Cinéaste rare (quatre longs métrages en 23 ans) et singulier en quête de vertige plastique, l’Anglais Jonathan Glazer s’est d’abord signalé du côté de la publicité (pour Guinness et Stella Artois, notamment) et du clip musical (pour Massive Attack, Blur et Radiohead, entre autres) avant de marquer le 7e art de son empreinte. Dix ans après Under the Skin avec Scarlett Johansson, pur ovni SF tendant vers l’abstraction, il revient avec une adaptation très personnelle, et surtout très cinématographique, du roman controversé de Martin Amis, The Zone of Interest, en prise sur la glaçante banalité du Mal.
Grand Prix à Cannes en mai dernier, le film, que le réalisateur se plaît volontiers à qualifier de “Big Brother chez les nazis”, joue de la coexistence étourdissante entre deux extrêmes absolus, séparés par un simple mur: d’un côté et hors champ, l’horreur concentrationnaire paroxystique du camp d’Auschwitz en 1943, de l’autre, la trivialité pure du quotidien soigneusement rôdé du commandant de celui-ci, Rudolf Höss (Christian Friedel), et de son épouse Hedwig (Sandra Hüller), qui s’appliquent à bâtir une petite vie de rêve pour leur famille dans leur maison avec jardin…
Gratter l’inconscient
Techniquement parfaitement maîtrisé, visuellement assez renversant, le nouveau long métrage de Jonathan Glazer semble d’abord, avec ses pointes d’ironie perverse et de clinquant féroce qui suscitent un inconfort nauséeux, n’être qu’une “simple” étude de la nature humaine dans ce qu’elle peut avoir de plus indécent. Ce qui, en soi, n’est déjà pas rien, mais aurait sans doute in fine plutôt tendance à enfermer le film dans une espèce de prétexte virtuose à cette indignation assez stérile dont les réseaux sociaux nous abreuvent chaque jour. Il suffira pourtant d’un premier et fascinant interlude nocturne, tourné avec une caméra thermique, pour comprendre que les enjeux de The Zone of Interest se situent bien au-delà de cette seule indignation. Formidablement aidé en cela par la musique tétanisante de Mica Levi (déjà à l’œuvre sur Under the Skin, mais aussi responsable de la superbe BO du Monos d’Alejandro Landes), il donne alors à voir toute la puissance intellectuelle, esthétique et sensorielle, absolument dévastatrice, qui le sous-tend.

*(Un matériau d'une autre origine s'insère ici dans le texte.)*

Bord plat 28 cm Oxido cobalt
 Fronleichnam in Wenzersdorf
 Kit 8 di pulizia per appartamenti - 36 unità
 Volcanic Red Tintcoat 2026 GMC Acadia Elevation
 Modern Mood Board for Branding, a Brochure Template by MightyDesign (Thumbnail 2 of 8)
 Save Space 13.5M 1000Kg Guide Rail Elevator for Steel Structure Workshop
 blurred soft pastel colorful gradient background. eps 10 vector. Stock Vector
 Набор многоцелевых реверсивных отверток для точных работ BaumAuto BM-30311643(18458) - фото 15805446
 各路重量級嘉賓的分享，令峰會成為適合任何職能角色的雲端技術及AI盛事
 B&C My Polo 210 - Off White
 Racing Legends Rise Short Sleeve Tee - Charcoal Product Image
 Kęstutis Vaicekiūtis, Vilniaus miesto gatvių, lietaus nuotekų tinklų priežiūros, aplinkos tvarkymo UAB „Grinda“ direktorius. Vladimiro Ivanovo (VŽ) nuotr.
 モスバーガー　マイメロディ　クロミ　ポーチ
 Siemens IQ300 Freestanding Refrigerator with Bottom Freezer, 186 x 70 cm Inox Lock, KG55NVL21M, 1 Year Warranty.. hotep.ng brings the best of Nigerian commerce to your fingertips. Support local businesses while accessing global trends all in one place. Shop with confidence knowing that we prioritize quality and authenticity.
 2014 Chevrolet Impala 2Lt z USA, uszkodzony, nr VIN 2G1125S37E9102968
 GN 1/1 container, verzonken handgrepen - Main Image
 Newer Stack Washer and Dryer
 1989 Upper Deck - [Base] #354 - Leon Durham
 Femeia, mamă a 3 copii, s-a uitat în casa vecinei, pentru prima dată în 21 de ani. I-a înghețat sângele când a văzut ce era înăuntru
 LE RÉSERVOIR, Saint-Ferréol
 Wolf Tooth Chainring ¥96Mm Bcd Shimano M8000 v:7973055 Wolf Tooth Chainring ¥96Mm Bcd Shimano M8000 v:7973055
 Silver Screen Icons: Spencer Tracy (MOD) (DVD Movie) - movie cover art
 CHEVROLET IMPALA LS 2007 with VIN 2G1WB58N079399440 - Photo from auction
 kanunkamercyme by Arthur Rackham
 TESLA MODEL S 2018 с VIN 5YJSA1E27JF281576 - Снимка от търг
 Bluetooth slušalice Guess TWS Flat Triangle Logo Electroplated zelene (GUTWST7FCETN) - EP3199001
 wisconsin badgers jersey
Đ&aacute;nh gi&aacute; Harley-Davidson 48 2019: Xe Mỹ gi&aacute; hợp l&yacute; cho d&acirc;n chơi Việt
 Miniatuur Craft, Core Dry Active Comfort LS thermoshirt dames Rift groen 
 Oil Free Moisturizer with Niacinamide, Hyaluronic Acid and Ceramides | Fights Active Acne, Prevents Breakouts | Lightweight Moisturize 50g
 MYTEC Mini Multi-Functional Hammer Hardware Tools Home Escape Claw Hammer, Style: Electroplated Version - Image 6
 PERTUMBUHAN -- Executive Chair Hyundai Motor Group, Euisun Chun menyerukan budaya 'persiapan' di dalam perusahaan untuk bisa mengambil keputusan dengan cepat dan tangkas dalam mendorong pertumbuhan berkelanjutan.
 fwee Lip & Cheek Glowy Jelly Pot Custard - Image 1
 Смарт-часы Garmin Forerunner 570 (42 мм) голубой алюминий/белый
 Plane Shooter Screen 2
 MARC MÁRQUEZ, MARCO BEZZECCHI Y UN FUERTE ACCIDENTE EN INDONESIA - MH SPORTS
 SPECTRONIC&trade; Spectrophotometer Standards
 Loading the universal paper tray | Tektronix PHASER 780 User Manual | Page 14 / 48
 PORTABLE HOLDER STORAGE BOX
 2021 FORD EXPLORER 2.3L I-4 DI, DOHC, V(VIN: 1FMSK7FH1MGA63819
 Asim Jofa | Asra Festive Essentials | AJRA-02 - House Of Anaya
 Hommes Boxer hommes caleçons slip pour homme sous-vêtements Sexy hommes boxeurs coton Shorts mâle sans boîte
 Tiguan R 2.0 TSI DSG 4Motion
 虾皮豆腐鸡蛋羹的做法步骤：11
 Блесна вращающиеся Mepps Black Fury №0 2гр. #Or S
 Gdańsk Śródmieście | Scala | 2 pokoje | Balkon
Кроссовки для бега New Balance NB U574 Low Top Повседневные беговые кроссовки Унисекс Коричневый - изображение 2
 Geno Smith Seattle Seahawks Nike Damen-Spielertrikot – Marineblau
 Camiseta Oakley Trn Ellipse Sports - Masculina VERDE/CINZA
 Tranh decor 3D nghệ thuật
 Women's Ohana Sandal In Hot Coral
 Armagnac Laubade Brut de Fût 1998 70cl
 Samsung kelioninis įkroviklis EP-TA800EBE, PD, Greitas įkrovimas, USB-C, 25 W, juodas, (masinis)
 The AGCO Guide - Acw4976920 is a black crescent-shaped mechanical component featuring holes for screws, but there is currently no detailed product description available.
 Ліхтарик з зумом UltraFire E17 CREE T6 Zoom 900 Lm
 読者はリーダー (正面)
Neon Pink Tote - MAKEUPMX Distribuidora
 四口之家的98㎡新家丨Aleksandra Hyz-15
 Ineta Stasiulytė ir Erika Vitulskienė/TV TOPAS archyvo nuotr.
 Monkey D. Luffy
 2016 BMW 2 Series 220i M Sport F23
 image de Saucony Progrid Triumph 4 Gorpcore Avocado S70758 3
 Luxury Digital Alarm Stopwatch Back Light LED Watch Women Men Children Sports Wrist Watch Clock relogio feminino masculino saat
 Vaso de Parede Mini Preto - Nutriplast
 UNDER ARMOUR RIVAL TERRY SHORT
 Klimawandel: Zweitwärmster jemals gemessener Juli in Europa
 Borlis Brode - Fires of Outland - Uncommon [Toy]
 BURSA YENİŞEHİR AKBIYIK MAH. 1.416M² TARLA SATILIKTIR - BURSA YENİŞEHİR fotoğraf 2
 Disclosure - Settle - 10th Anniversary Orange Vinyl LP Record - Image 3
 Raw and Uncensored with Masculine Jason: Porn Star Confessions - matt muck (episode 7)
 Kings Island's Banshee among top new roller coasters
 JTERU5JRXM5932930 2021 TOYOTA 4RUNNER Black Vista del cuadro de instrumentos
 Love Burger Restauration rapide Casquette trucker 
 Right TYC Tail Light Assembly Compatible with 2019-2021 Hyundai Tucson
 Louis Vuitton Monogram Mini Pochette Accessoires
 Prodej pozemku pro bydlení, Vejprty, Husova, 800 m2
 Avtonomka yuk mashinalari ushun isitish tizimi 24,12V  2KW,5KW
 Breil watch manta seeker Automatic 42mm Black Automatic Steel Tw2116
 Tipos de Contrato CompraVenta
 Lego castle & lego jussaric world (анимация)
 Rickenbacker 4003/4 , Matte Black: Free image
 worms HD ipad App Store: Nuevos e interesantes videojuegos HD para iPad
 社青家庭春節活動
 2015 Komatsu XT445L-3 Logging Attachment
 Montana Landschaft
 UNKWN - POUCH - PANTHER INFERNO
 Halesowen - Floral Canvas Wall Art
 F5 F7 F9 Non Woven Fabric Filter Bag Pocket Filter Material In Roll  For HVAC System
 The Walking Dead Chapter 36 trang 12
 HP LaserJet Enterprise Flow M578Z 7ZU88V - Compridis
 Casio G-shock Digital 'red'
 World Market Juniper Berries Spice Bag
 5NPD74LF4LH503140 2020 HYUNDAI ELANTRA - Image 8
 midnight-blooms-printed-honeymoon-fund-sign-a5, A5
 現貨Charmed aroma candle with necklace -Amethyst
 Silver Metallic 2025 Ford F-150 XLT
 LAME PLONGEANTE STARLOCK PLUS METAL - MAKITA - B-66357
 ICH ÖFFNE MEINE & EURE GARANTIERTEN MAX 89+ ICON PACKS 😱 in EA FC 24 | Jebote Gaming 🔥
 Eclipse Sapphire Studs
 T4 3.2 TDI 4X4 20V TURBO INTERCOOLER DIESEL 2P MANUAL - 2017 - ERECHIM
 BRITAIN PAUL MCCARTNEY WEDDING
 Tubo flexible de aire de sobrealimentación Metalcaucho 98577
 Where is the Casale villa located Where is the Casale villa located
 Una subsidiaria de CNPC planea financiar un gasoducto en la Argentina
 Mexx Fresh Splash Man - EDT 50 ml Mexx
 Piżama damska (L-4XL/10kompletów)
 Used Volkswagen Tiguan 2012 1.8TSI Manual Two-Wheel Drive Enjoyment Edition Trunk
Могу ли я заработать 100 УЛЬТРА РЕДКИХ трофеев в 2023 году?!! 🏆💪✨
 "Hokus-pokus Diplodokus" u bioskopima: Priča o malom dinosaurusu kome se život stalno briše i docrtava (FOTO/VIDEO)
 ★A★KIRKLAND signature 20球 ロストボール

Mieux: vers la fin du film, Glazer ose, le temps de l’ouverture d’une simple porte, une ellipse folle, quasiment kubrickienne, qui vient nous retourner le cerveau et achever de gratter notre inconscient au papier de verre. Ils sont rares, et précieux, les films capables de nous faire penser en profondeur et de nous éblouir dans un même geste de cinéma, radical et souverain. The Zone of Interest est de ceux-là.